Papotage d’automne

   Ce jour-là, un froid matin d’octobre, mon cartable au bras, je me rendais à l’école. Il avait gelé la nuit : l’air vif me coupait le visage. J’approchais de la grille lorsque je crus entendre chuchoter. Je me penchai et aperçus quelques feuilles mortes, en rond au pied du mur.

La conversation allait bon train. Amusée, je m’assis sur mon cartable et écoutai :

-Nous ne sommes que le 15 octobre et nous voilà déjà sur le chemin de la mort. Nées au printemps, nous séchons en automne. C’est bien court, une vie de feuille !

-De quoi te plains-tu, feuille de marronnier ? Ton arbre t’a laissée tomber doucement. Mes soeurs et moi, nous avons été chassées de notre platane par le vent glacial de cette nuit. Nos robes en sont encore fripées et nous avons failli mourir de froid.

-Elle a raison, renchérit sa voisine. La bise est bien cruelle. Non contente de nous séparer de notre arbre qui nous fait vivre de sa sève, elle s’est moquée de nous. Elle nous projetait contre les murs, nous faisait valser au-dessus des toits, tourbillonner puis remonter encore…Lorsqu’enfin nous avons atterri dans ce chemin, nous étions complètement étourdies. Ici, au moins, nous sommes à l’abri!

À ce moment, une petite feuille d’érable éleva la voix :

-Je me demande pourquoi le sort est si injuste avec nous. Dès qu’arrive la mauvaise saison, le vent nous martyrise, les passants nous piétinent, les autos nous écrasent. Personne ne songe à nous admirer. Pourtant, regardez nos robes, rousses, robes de flamme ou couleur d’or, nous sommes la parure des bois! Pourquoi les hommes, éblouis par notre beauté, ne songent-ils pas à nous protéger de l’hiver ?

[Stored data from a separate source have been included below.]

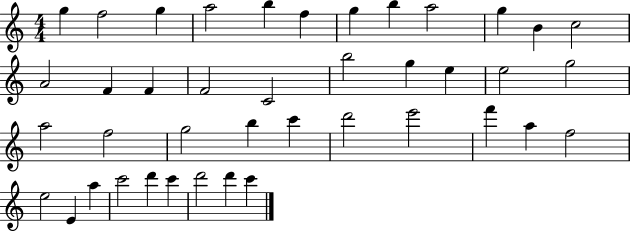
X:1
T:Untitled
M:4/4
L:1/4
K:C
g f2 g a2 b f g b a2 g B c2 A2 F F F2 C2 b2 g e e2 g2 a2 f2 g2 b c' d'2 e'2 f' a f2 e2 E a c'2 d' c' d'2 d' c'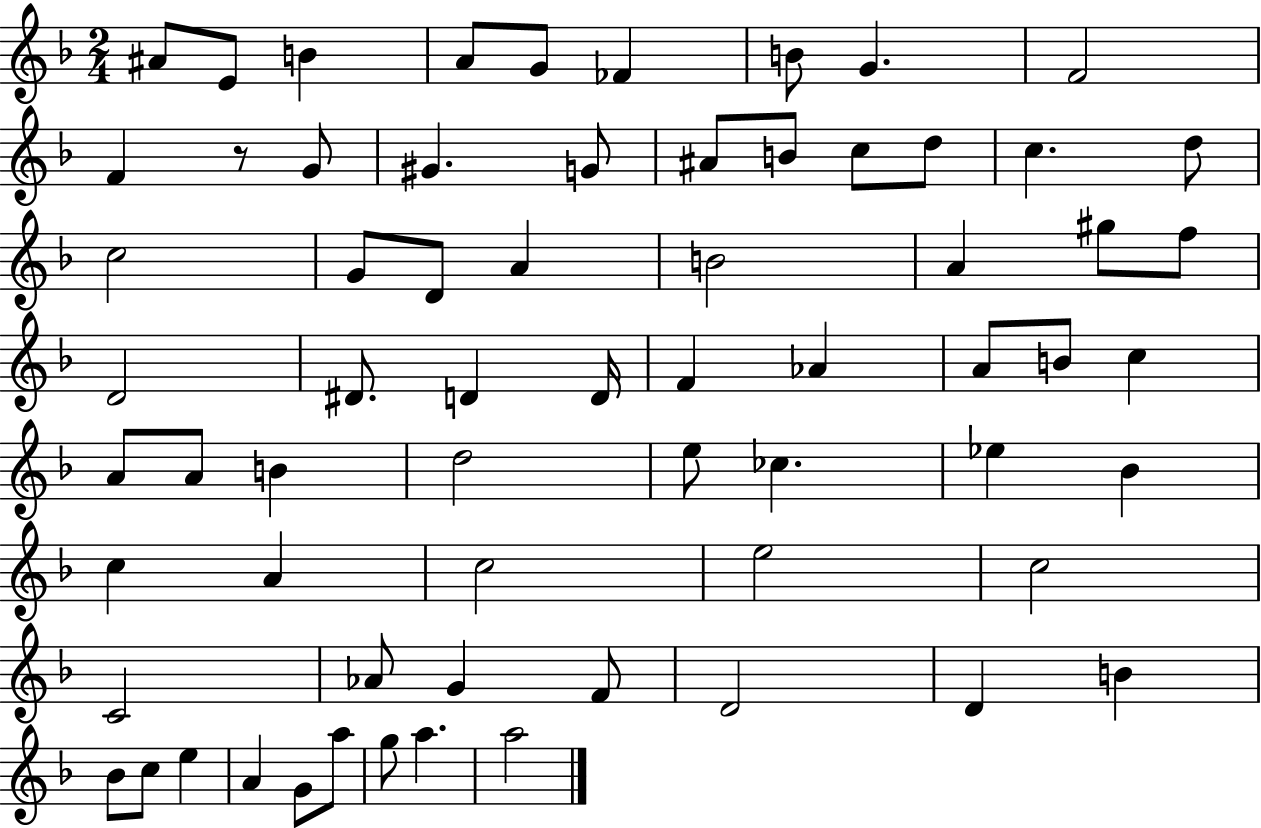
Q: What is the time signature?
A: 2/4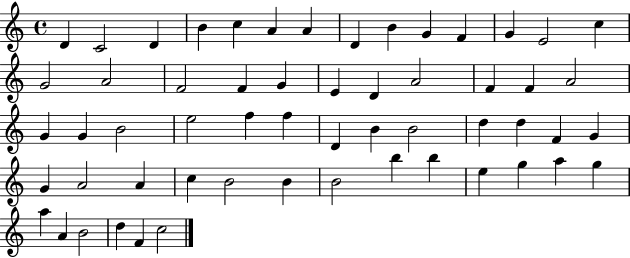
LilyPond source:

{
  \clef treble
  \time 4/4
  \defaultTimeSignature
  \key c \major
  d'4 c'2 d'4 | b'4 c''4 a'4 a'4 | d'4 b'4 g'4 f'4 | g'4 e'2 c''4 | \break g'2 a'2 | f'2 f'4 g'4 | e'4 d'4 a'2 | f'4 f'4 a'2 | \break g'4 g'4 b'2 | e''2 f''4 f''4 | d'4 b'4 b'2 | d''4 d''4 f'4 g'4 | \break g'4 a'2 a'4 | c''4 b'2 b'4 | b'2 b''4 b''4 | e''4 g''4 a''4 g''4 | \break a''4 a'4 b'2 | d''4 f'4 c''2 | \bar "|."
}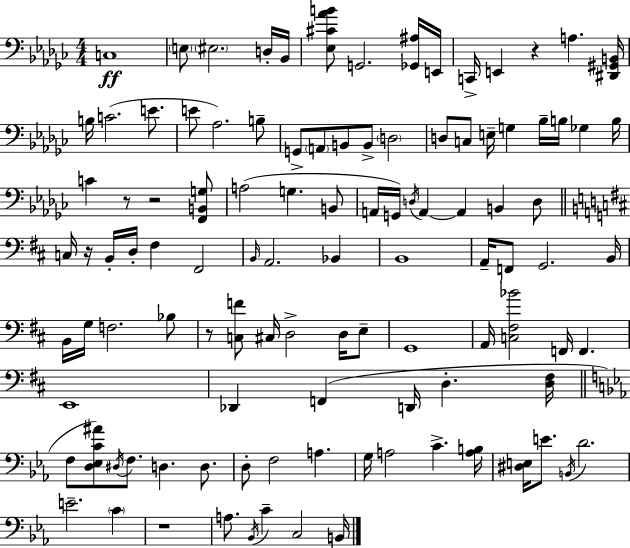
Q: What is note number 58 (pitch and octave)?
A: C#3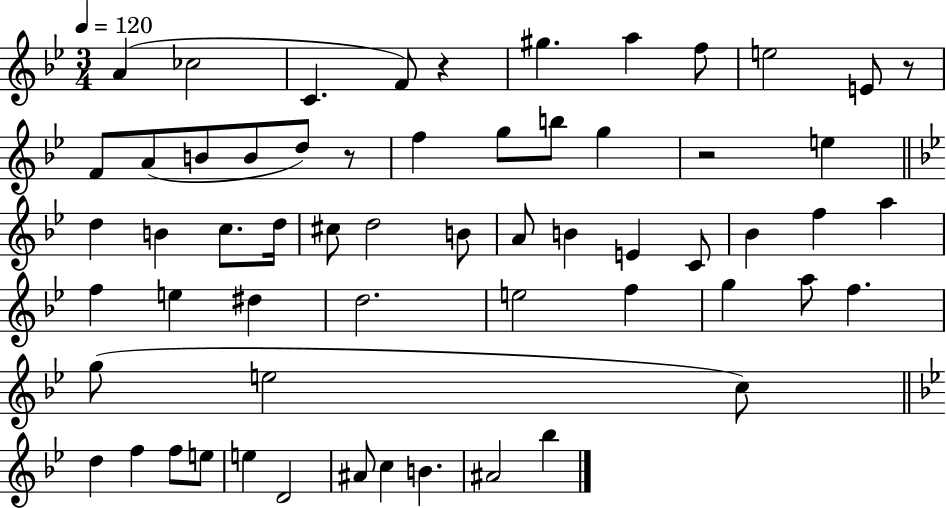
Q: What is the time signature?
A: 3/4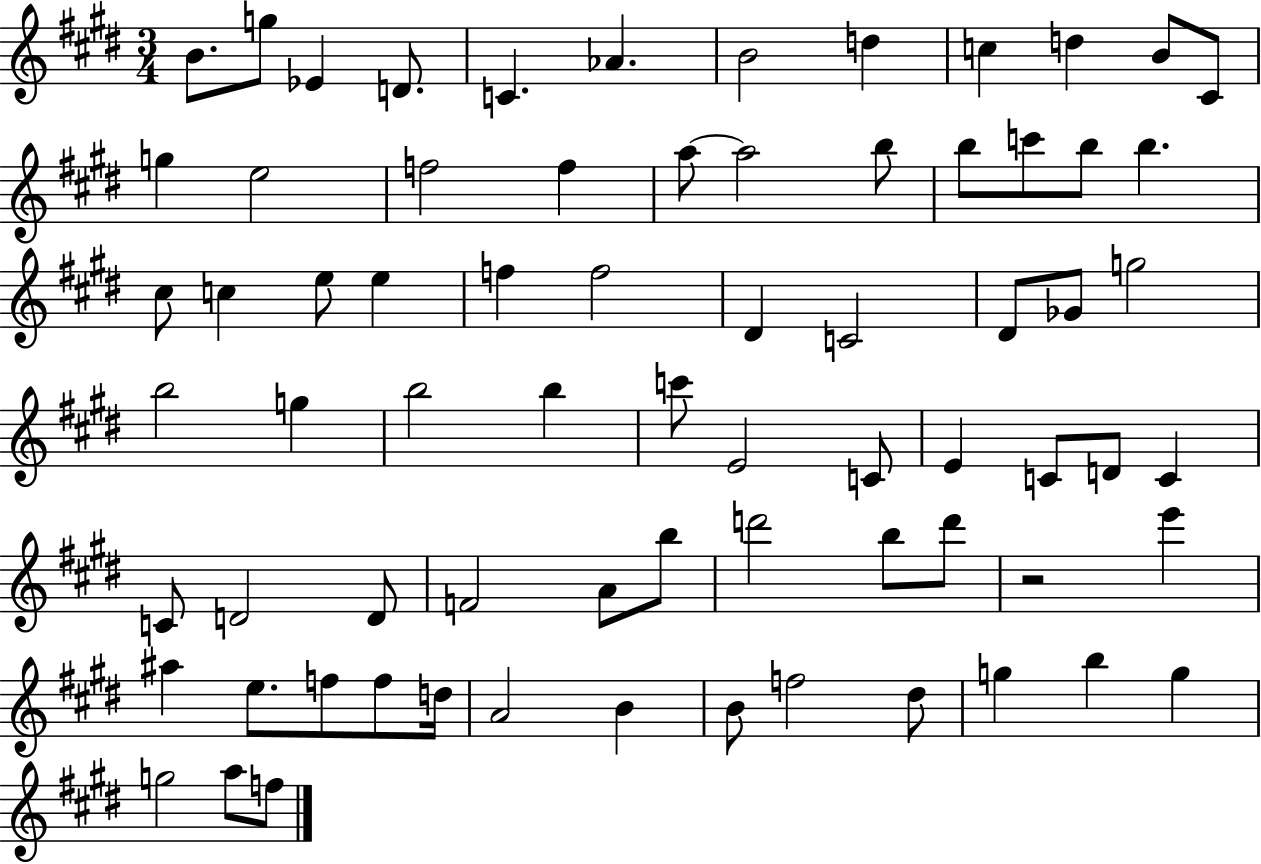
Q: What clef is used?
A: treble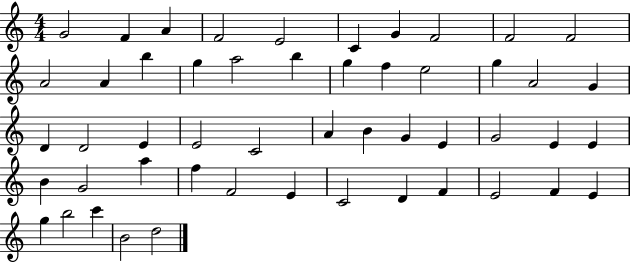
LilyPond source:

{
  \clef treble
  \numericTimeSignature
  \time 4/4
  \key c \major
  g'2 f'4 a'4 | f'2 e'2 | c'4 g'4 f'2 | f'2 f'2 | \break a'2 a'4 b''4 | g''4 a''2 b''4 | g''4 f''4 e''2 | g''4 a'2 g'4 | \break d'4 d'2 e'4 | e'2 c'2 | a'4 b'4 g'4 e'4 | g'2 e'4 e'4 | \break b'4 g'2 a''4 | f''4 f'2 e'4 | c'2 d'4 f'4 | e'2 f'4 e'4 | \break g''4 b''2 c'''4 | b'2 d''2 | \bar "|."
}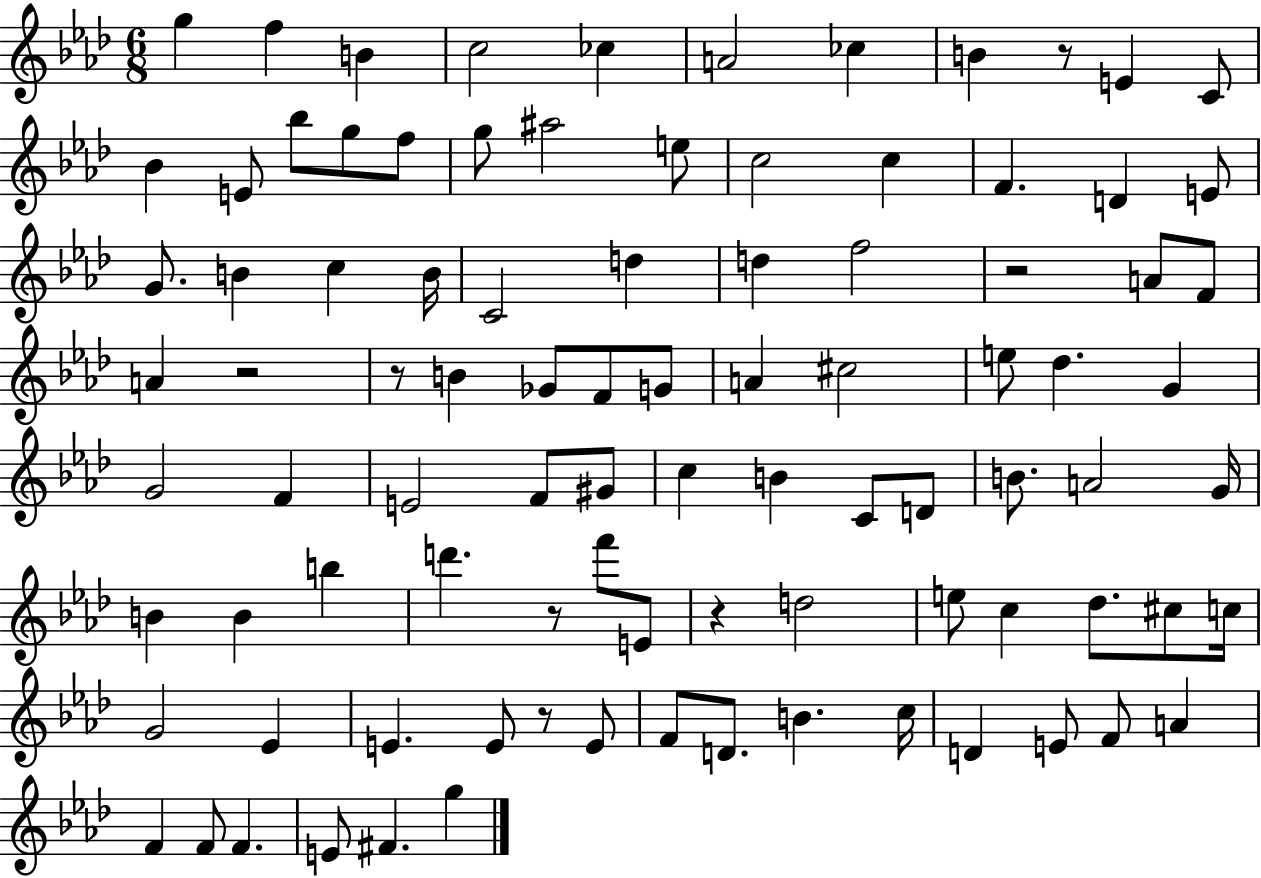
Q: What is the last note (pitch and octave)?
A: G5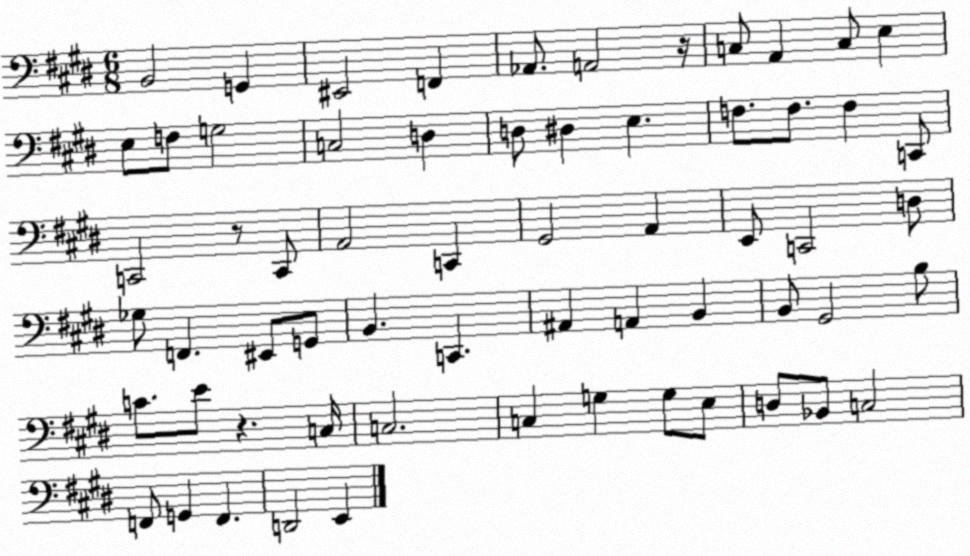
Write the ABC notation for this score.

X:1
T:Untitled
M:6/8
L:1/4
K:E
B,,2 G,, ^E,,2 F,, _A,,/2 A,,2 z/4 C,/2 A,, C,/2 E, E,/2 F,/2 G,2 C,2 D, D,/2 ^D, E, F,/2 F,/2 F, C,,/2 C,,2 z/2 C,,/2 A,,2 C,, ^G,,2 A,, E,,/2 C,,2 D,/2 _G,/2 F,, ^E,,/2 G,,/2 B,, C,, ^A,, A,, B,, B,,/2 ^G,,2 B,/2 C/2 E/2 z C,/4 C,2 C, G, G,/2 E,/2 D,/2 _B,,/2 C,2 F,,/2 G,, F,, D,,2 E,,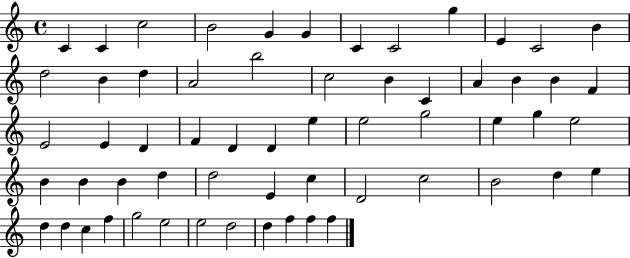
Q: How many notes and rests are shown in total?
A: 60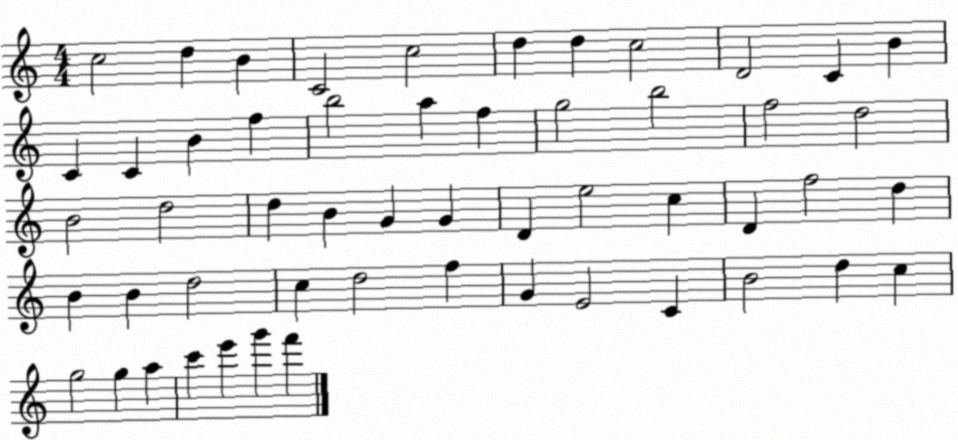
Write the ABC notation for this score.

X:1
T:Untitled
M:4/4
L:1/4
K:C
c2 d B C2 c2 d d c2 D2 C B C C B f b2 a f g2 b2 f2 d2 B2 d2 d B G G D e2 c D f2 d B B d2 c d2 f G E2 C B2 d c g2 g a c' e' g' f'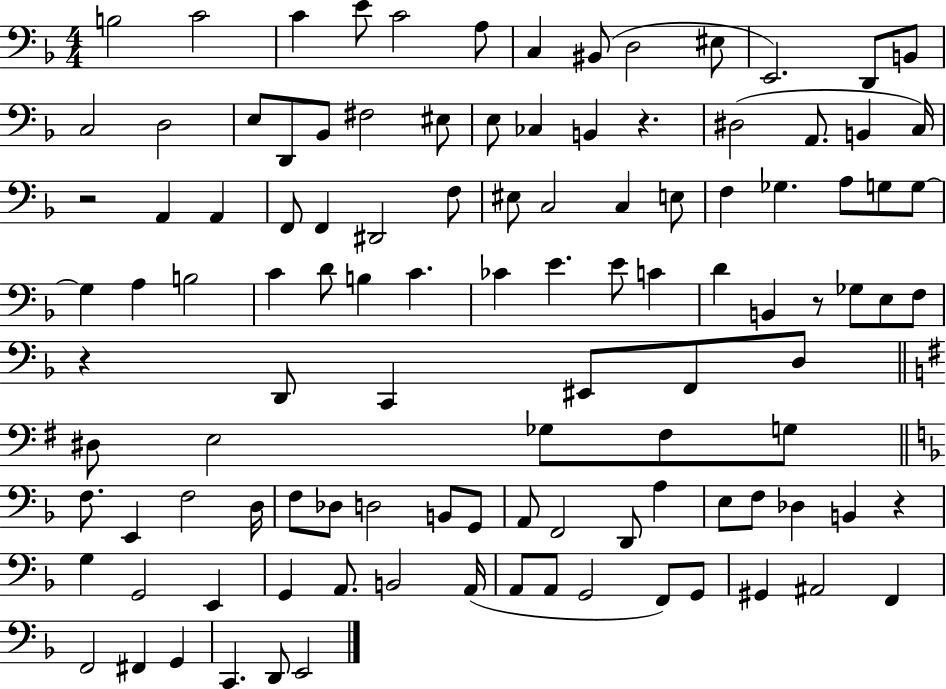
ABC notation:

X:1
T:Untitled
M:4/4
L:1/4
K:F
B,2 C2 C E/2 C2 A,/2 C, ^B,,/2 D,2 ^E,/2 E,,2 D,,/2 B,,/2 C,2 D,2 E,/2 D,,/2 _B,,/2 ^F,2 ^E,/2 E,/2 _C, B,, z ^D,2 A,,/2 B,, C,/4 z2 A,, A,, F,,/2 F,, ^D,,2 F,/2 ^E,/2 C,2 C, E,/2 F, _G, A,/2 G,/2 G,/2 G, A, B,2 C D/2 B, C _C E E/2 C D B,, z/2 _G,/2 E,/2 F,/2 z D,,/2 C,, ^E,,/2 F,,/2 D,/2 ^D,/2 E,2 _G,/2 ^F,/2 G,/2 F,/2 E,, F,2 D,/4 F,/2 _D,/2 D,2 B,,/2 G,,/2 A,,/2 F,,2 D,,/2 A, E,/2 F,/2 _D, B,, z G, G,,2 E,, G,, A,,/2 B,,2 A,,/4 A,,/2 A,,/2 G,,2 F,,/2 G,,/2 ^G,, ^A,,2 F,, F,,2 ^F,, G,, C,, D,,/2 E,,2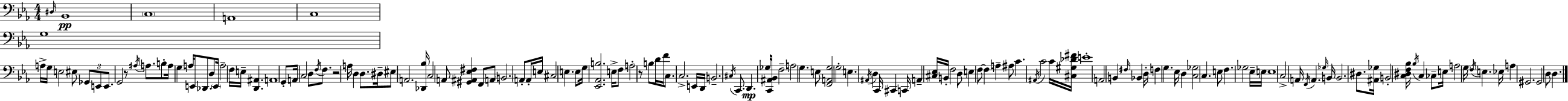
X:1
T:Untitled
M:4/4
L:1/4
K:Cm
^D,/4 _B,,4 C,4 A,,4 C,4 G,4 A,/4 G,/4 E,2 ^E,/2 _G,,/2 E,,/2 E,,/2 G,,2 z/2 ^A,/4 A,/2 B,/2 A,/4 G, A,/4 E,,/2 _D,,/2 D,/2 E,,/4 A,2 F,/4 E,/4 [D,,^A,,] A,,4 G,,/2 A,,/4 C,2 D,/2 F,/4 F,/2 z2 A,/4 D, D,/2 ^D,/4 ^E,/2 A,,2 [_D,,_B,]/4 C,2 A,,/2 [^G,,^A,,_E,^F,] F,,/2 A,,/2 B,,2 A,,/2 A,,/4 E,/4 ^C,2 E, E,/2 G,/4 [_E,,_A,,B,]2 E,/4 F,/2 A,2 z/2 B,/2 D/4 F/4 C,/2 C,2 E,,/4 D,,/4 B,,2 ^C,/4 C,,/2 D,, _G,/4 [C,,^A,,_B,,]/4 F,2 A,2 G, E,/2 [F,,A,,G,]2 G,2 E, ^A,,/4 D, C,,/4 ^C,, C,,/4 A,, [^C,_E,]/4 B,,/4 F,2 D,/2 E, F,/2 F, A, ^A,/2 C ^A,,/4 C2 C/4 [^C,^G,_D^F]/4 E4 A,,2 B,, ^F,/4 _B,, D,/4 F, G, _E,/4 D, [C,_G,]2 C, E,/2 F, _G,2 _E,/4 E,/4 E,4 C,2 A,,/4 F,,/4 A,, _G,/4 B,,/4 B,,2 ^D,/2 [^A,,_G,]/4 B,,2 [C,^D,F,_B,]/4 _B,/4 C, _C,/2 E,/4 A,2 G,/4 F,/4 E, _E,/4 A, ^G,,2 ^G,,2 D,/2 D,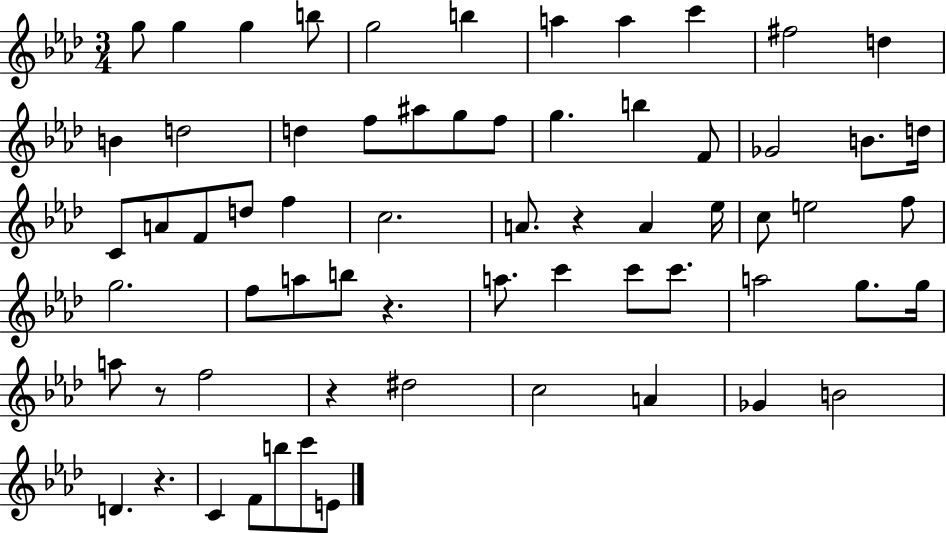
G5/e G5/q G5/q B5/e G5/h B5/q A5/q A5/q C6/q F#5/h D5/q B4/q D5/h D5/q F5/e A#5/e G5/e F5/e G5/q. B5/q F4/e Gb4/h B4/e. D5/s C4/e A4/e F4/e D5/e F5/q C5/h. A4/e. R/q A4/q Eb5/s C5/e E5/h F5/e G5/h. F5/e A5/e B5/e R/q. A5/e. C6/q C6/e C6/e. A5/h G5/e. G5/s A5/e R/e F5/h R/q D#5/h C5/h A4/q Gb4/q B4/h D4/q. R/q. C4/q F4/e B5/e C6/e E4/e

À cet instant, un bruit me fit sursauter : c’était un de mes camarades qui s’avançait, faisant craquer les feuilles sous ses pas, les faisant sauter du bout de sa chaussure.

Je compris leur douleur. J’ai ramassé les quatre bavardes, je les ai séchées entre deux pages de journal, puis je les ai glissées dans mon livre de lecture.

Depuis, chaque fois que je l’ouvre, je contemple mes feuilles qui ont gardé leurs belles couleurs et je pense à l’hiver.